The entries below contain pictures. Write out only the lines from the line with "3522 Hewlett Dr, Nashville, TN 37211" up to and including the line with "Ein chinesisches Sprichwort", exactly, without them.

## [Records provided]
>>>>
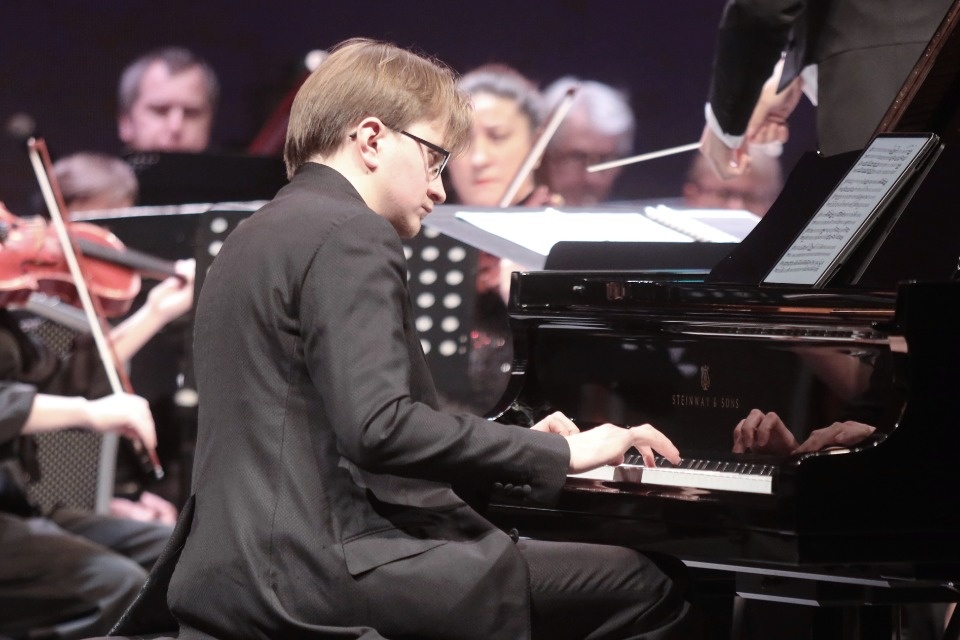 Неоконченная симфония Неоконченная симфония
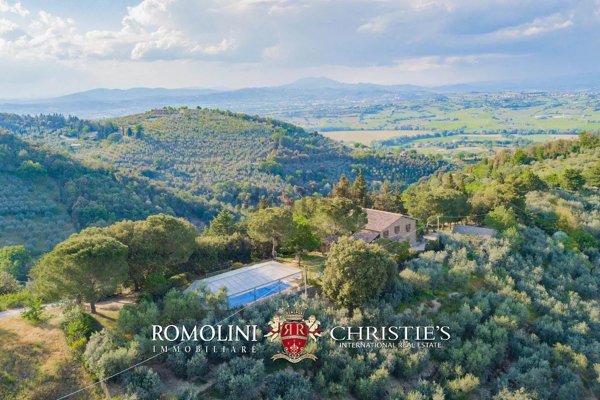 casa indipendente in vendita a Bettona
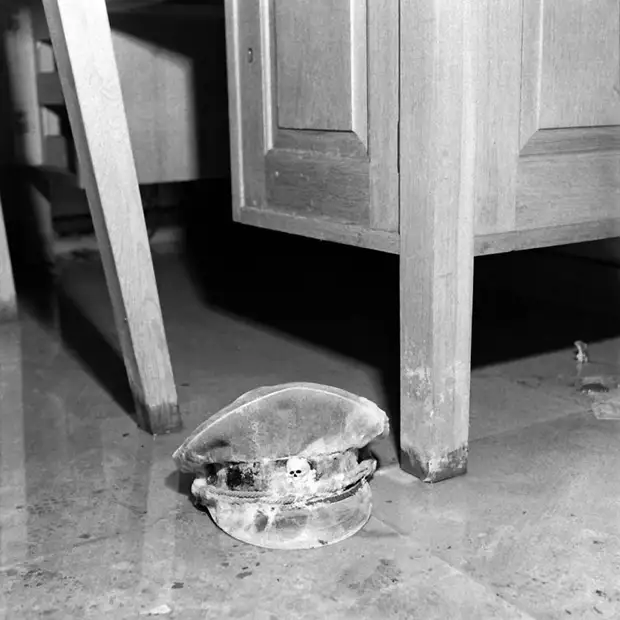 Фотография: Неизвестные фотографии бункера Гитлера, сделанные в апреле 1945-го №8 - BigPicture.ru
<<<<
>>>>
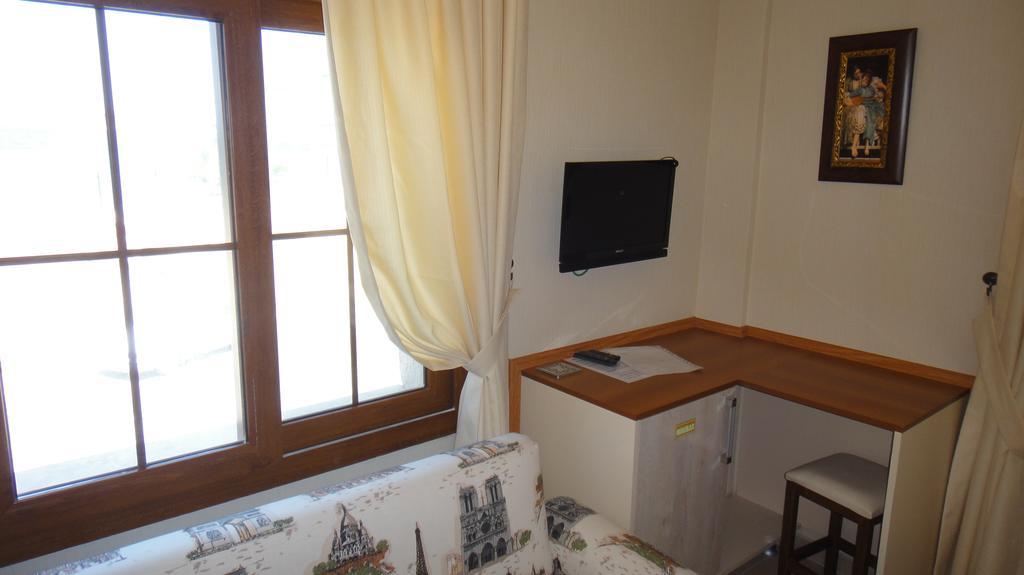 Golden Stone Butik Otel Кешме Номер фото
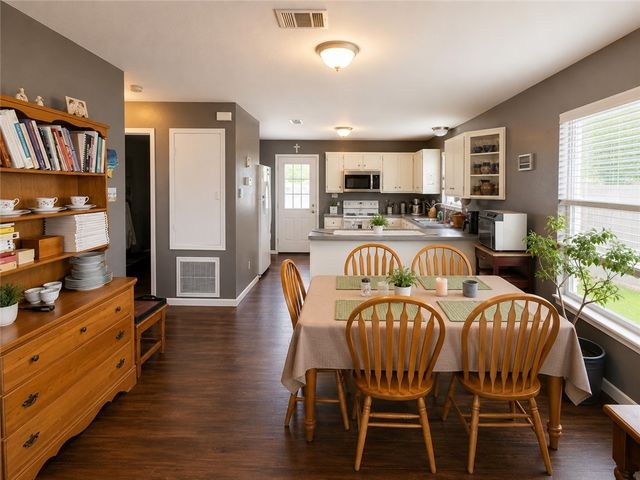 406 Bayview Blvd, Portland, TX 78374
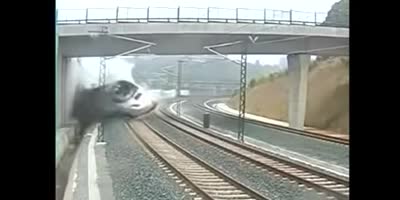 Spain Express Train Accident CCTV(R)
<<<<
>>>>
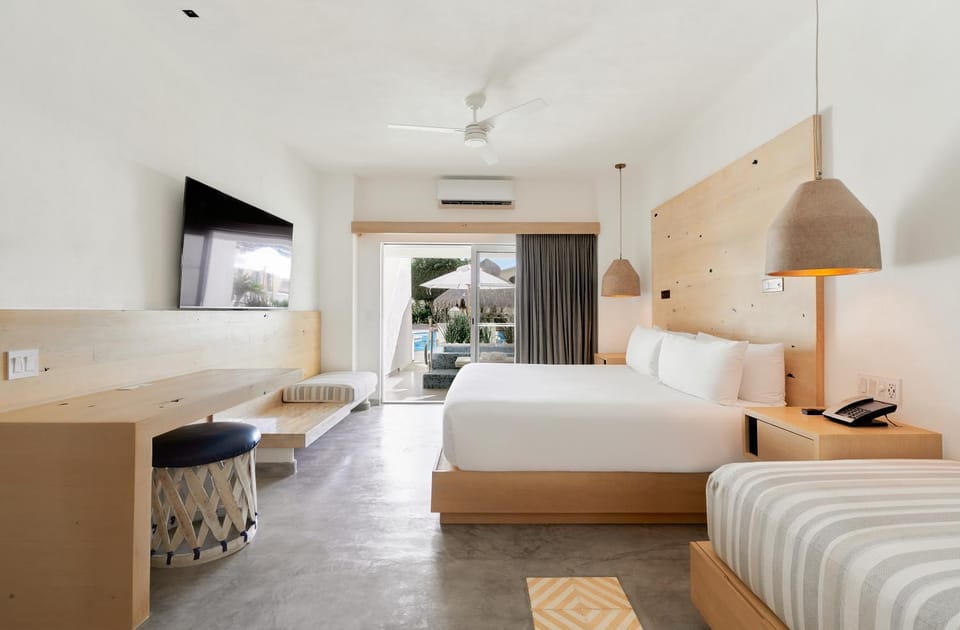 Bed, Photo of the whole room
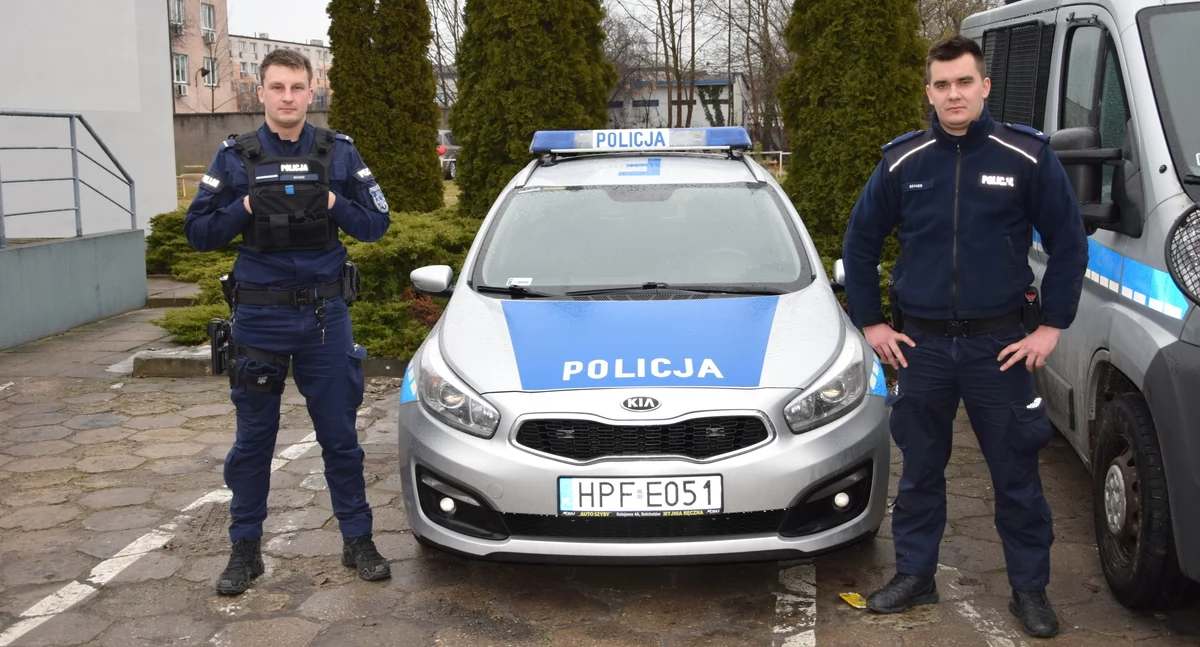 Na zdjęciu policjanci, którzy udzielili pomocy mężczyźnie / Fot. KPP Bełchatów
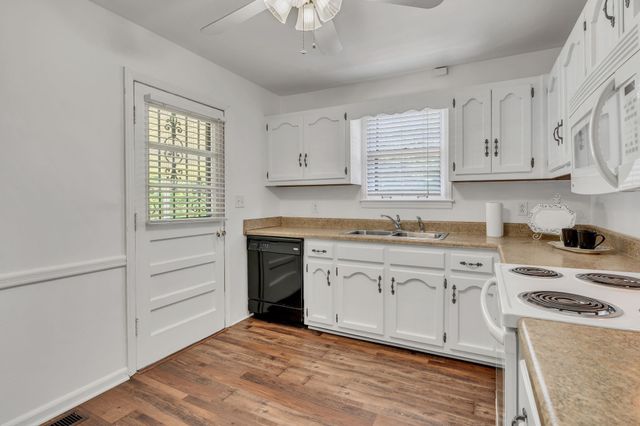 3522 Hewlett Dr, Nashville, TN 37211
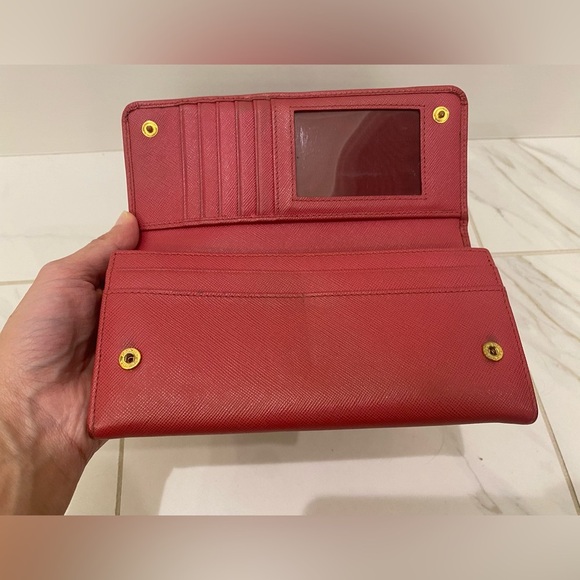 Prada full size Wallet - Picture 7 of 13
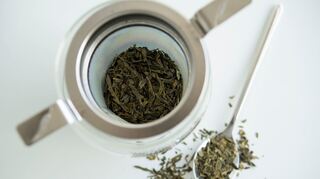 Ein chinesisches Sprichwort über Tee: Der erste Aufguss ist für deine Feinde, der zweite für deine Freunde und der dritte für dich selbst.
<<<<
## [Answer section]
 3522 Hewlett Dr, Nashville, TN 37211
 Prada full size Wallet - Picture 7 of 13
 Ein chinesisches Sprichwort über Tee: Der erste Aufguss ist für deine Feinde, der zweite für deine Freunde und der dritte für dich selbst.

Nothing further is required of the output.